On atterrit ici dans un drôle de récit, à la frontière de nombreux genres, ce qui me fait aborder la classification large d'ethno-SF, mais nous y reviendrons. On y suit des tribus précaires, quasiment néolithiques, vivant sur une espèce de plateau rocheux en altitude (le fameux roche-nuée). Deux tribus occupent les lieux, la tribu "Jour" chassant et menant son quotidien sous le soleil et habitant des yourtes, et la tribu "Nuit" qui elle répond de l'éclat lunaire et vit dans des grottes. Les deux tribus, bien qu'étant parfaitement similaire à l'aune du spécisme, ne se parlent pas et s'ignorent autant que faire se peut. Chaque tribu est asservie à la religion du Dieu Rouge, perceptible dans les éclats crépusculaires du ciel, et répond à des rites assez particuliers: on ne se reproduit qu'avec sa famille (donnant lieu à des "mères-épouses" ou "frère-époux"), les femmes mangent le corps des cadavres pour leur donner l'accès au paradis et enfin, on jette du haut du rocher les "indésirés", enfants nés avec un quelconque handicap physique. Vous vous en doutez, c'est assez fréquent.
Ce sort cruel fut évité à notre narrateur, qu'on nommera "Ombre", nain de sexe indéterminé, sauvé de la chute mortelle par un caprice de son frère. S'il est encore vivant, on ne le considère cependant que comme une ombre et on ignore son existence.
Des évènements vont venir bousculer ce statu quo et permettre à Ombre de s'émanciper et accéder, enfin, à la lumière qui définit jusqu'à la raison-même de son existence.

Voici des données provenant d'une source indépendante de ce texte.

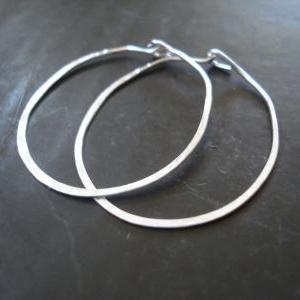 2 Inch Sterling Silver Hoop Earrings, Sterling..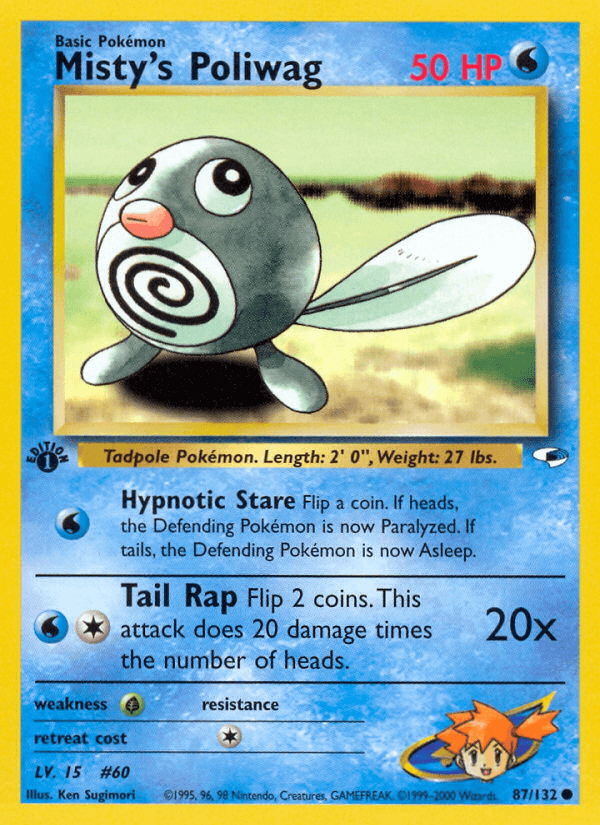 Misty's Poliwag (87/132) [Gym Heroes 1st Edition] (Online Only)
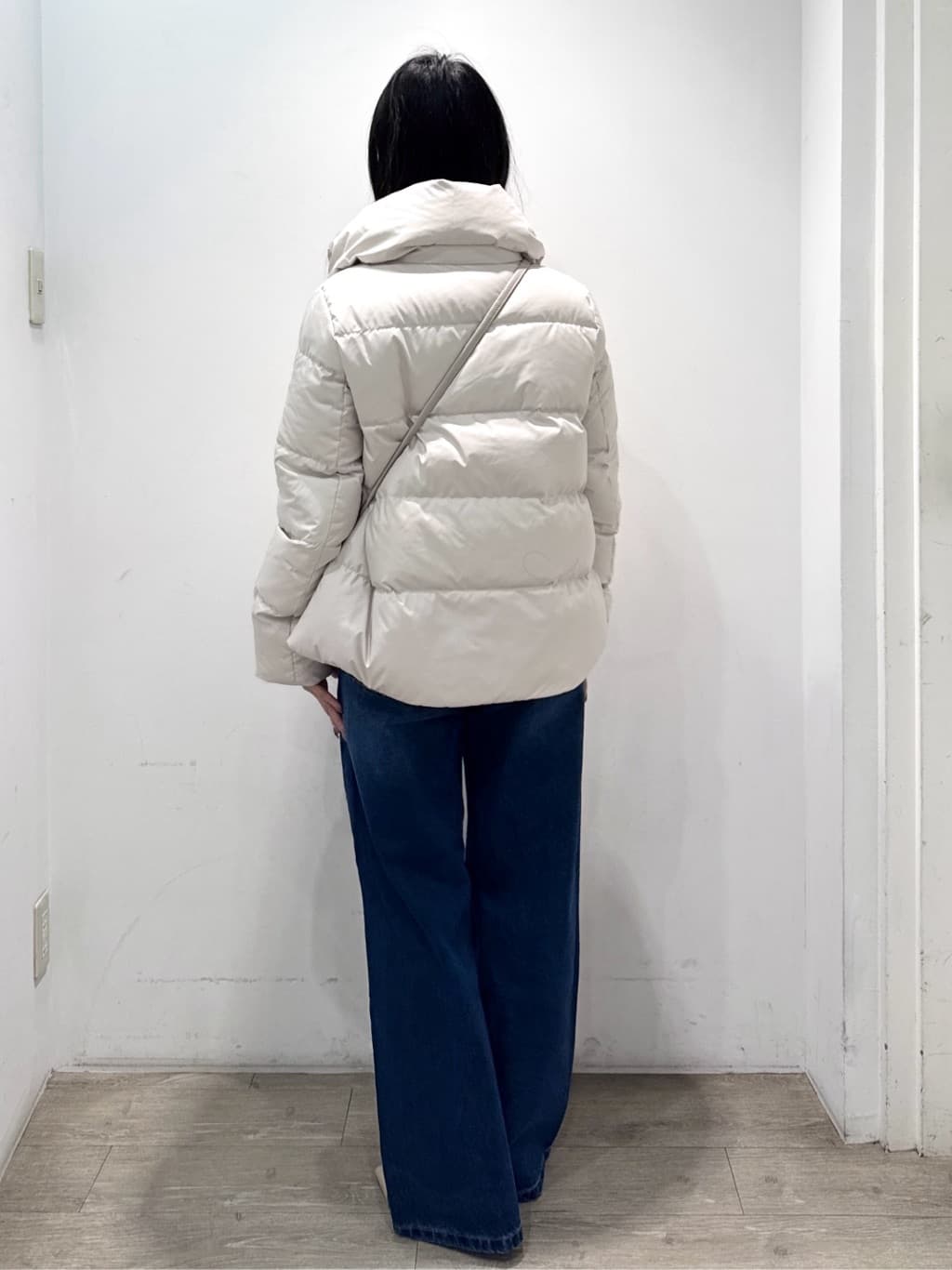 yuicciさんの「OPAQUE.CLIP｜撥水ショートダウン【防風／抗菌防臭／洗濯機洗い可】《SS～LL》」を使ったコーディネート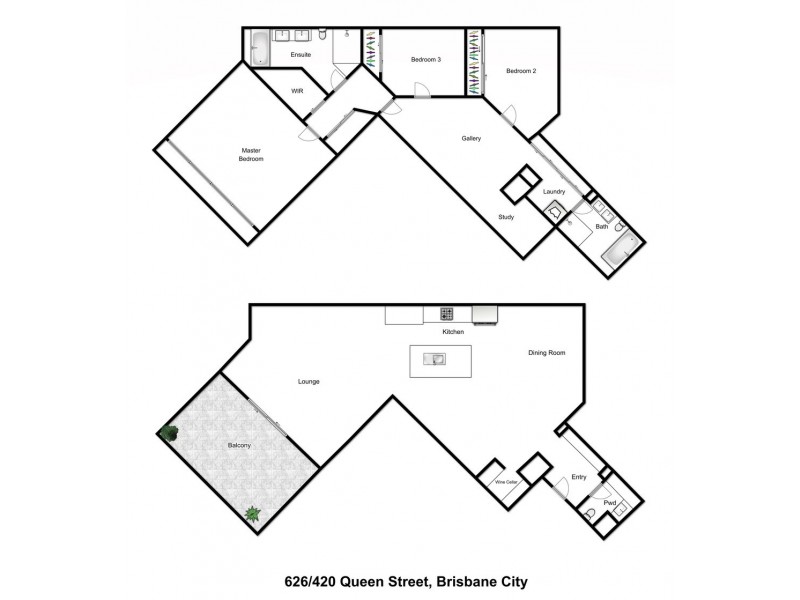 626/420 Queen Street, Brisbane City QLD 4000 Floorplan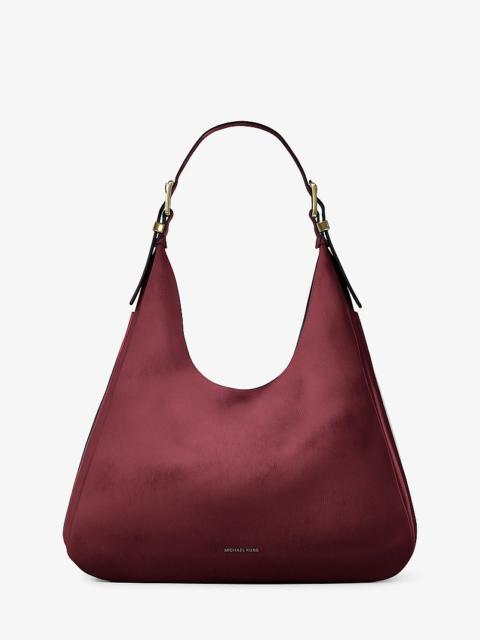 MICHAEL KORS Nolita Large Nubuck Hobo Shoulder Bag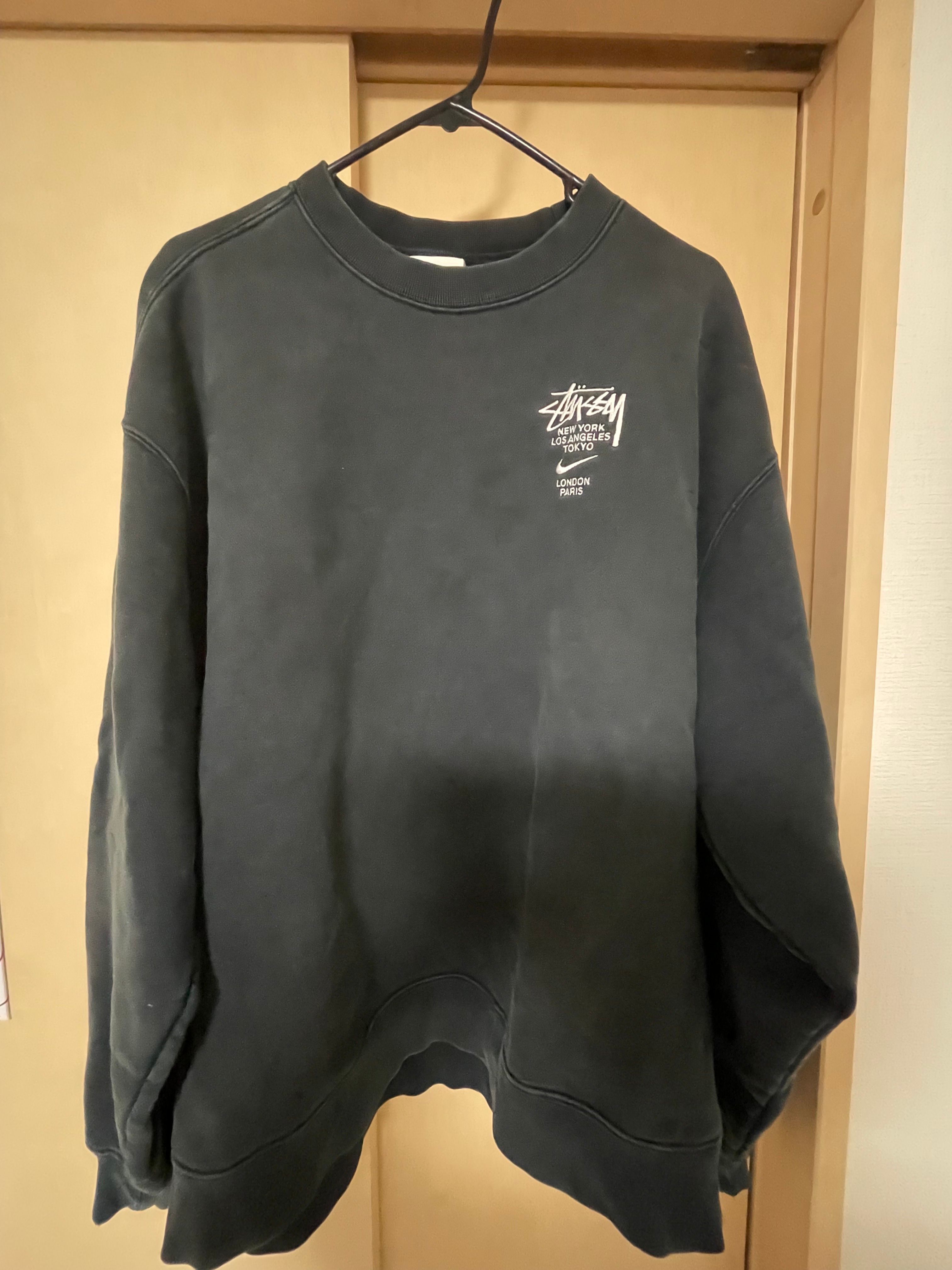 Nike x Stussy International Crewneck Sweatshirt (US Size) "Black" DC4198-010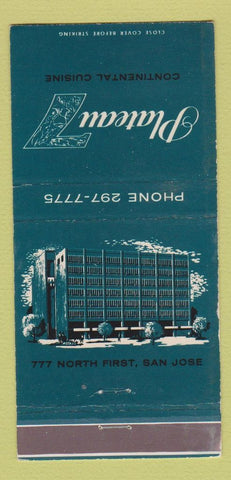 Matchbook Cover - Plateau 7 Restaurant San Jose CA WEAR 30 Strike
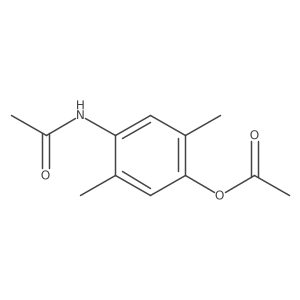 4-(Acetylamino)-2,5-dimethylphenyl acetate结构式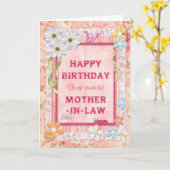 義母のため、技術のバースデー・カード カード (黄色い花)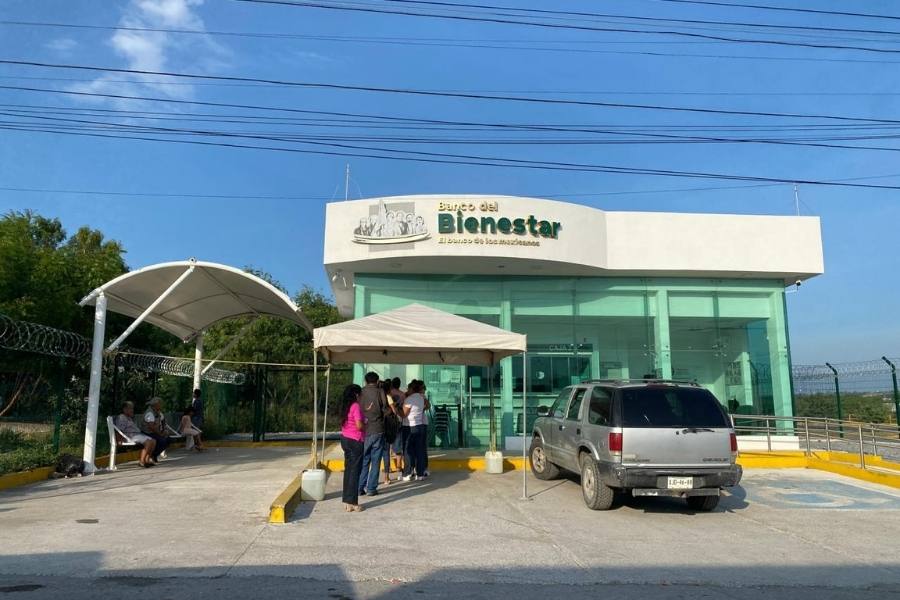 saturación Banco del Bienestar Tamaulipas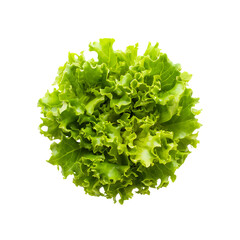 fresh green salad isolated on transparent background Generative Ai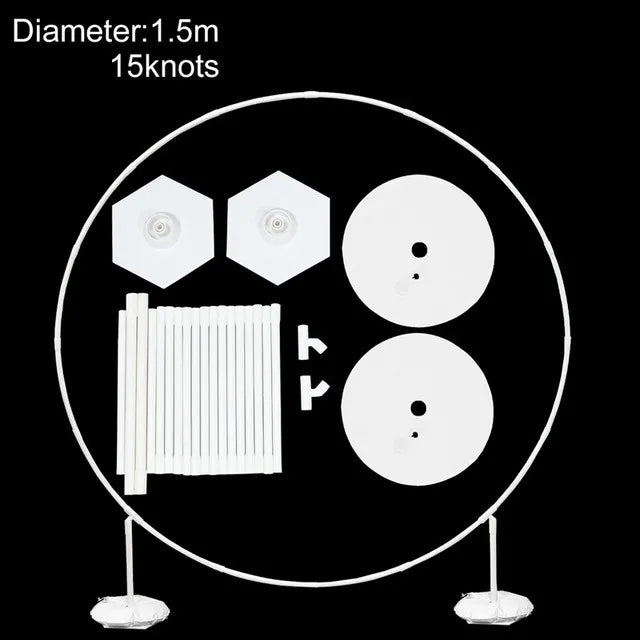 Round Balloon Arch Balloon Circle Stand Holder Frame Ring Birthday Baloon Decor Wedding Party Decorations Baby Shower Background - Zecs shopping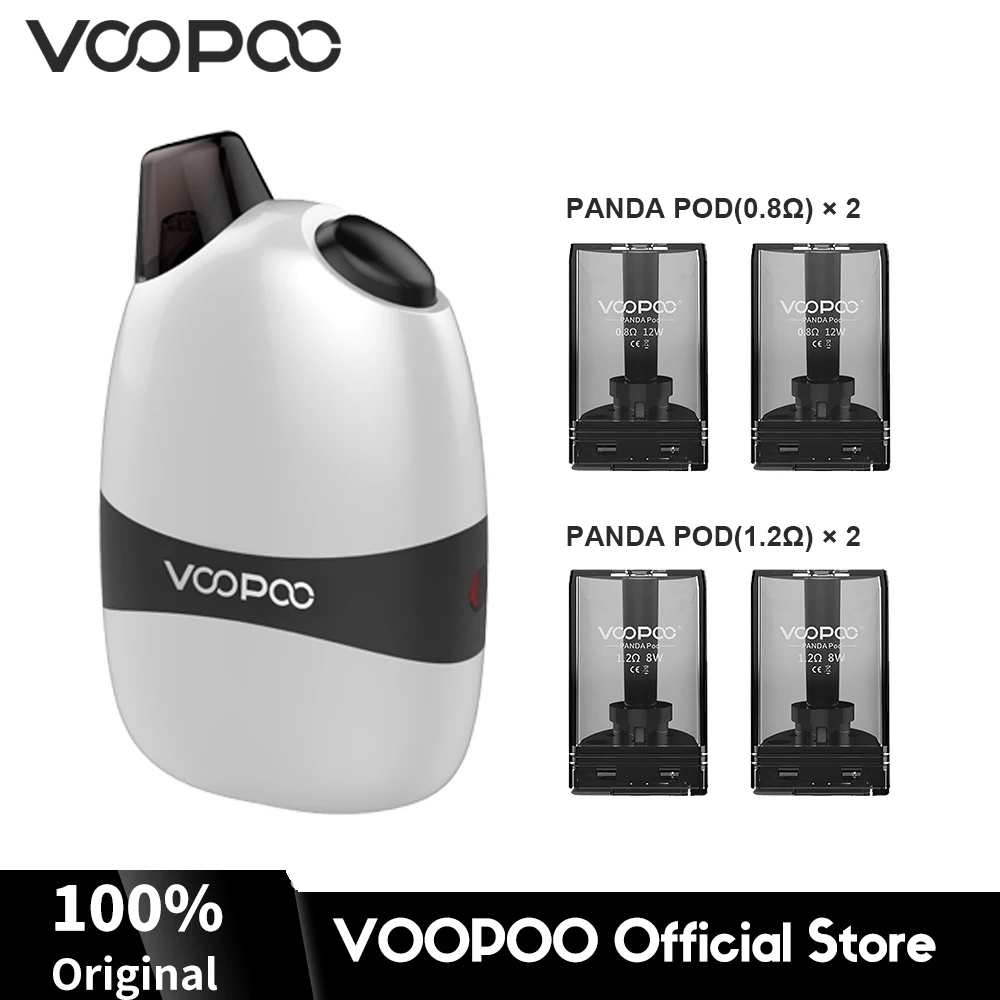 Оригинальный комплект VOOPOO Panda AIO Pod 1100 мАч аккумулятор 5 мл картридж Ом катушки все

"Roche-Nuée" est un roman particulièrement intéressant par son travail de fond. Evidemment, tout ce récit n'est ici que pour discuter des "cultures", au sens large du thème recoupant les religions, les rites et les coutumes sociétales. Par son émancipation et la reconnaissance de sa propre humanité, Ombre va questionner à ses dépends un système qui apparait au fil des pages comme absurde et cruel. Et donc de venir discuter ce qui fonde en elle-même une culture et la nécessité de la remettre en question. C'est pourquoi l'appellation d'ethno-SF est ici plutôt loyale. Car il est difficile par ailleurs de savoir si dans les faits, nous sommes dans une ambiance post-apocalyptique (une humanité dévastée s'étant reconstruite par endroit de façon primale, sorte de "régression sociétale post-apo" assez classique lorsque la fresque temporelle est longue) ou bien dans une SF néolithique.
Si le style de Kilworth est à la hauteur, fluide et parfois lyrique, il me sera difficile néanmoins de vous décrire ce récit comme un long discours enjoué. Si l'émancipation d'Ombre a quelque chose de vraiment "portant", je n'ai pas réussi à me défaire d'un certain malaise à la lecture de ce récit (c'est bien volontaire) et d'une désorientation narrative assez malvenue.
"Roche-Nuée' est un roman intelligent, à favoriser pour les amateurs d'ethno-SF curieux et exigeants. Finalement très propre sur le papier, ce roman implique un certain intellectualisme, qui même s'il est recouvert d'un style agréable, viendra plomber quelque peu le récit.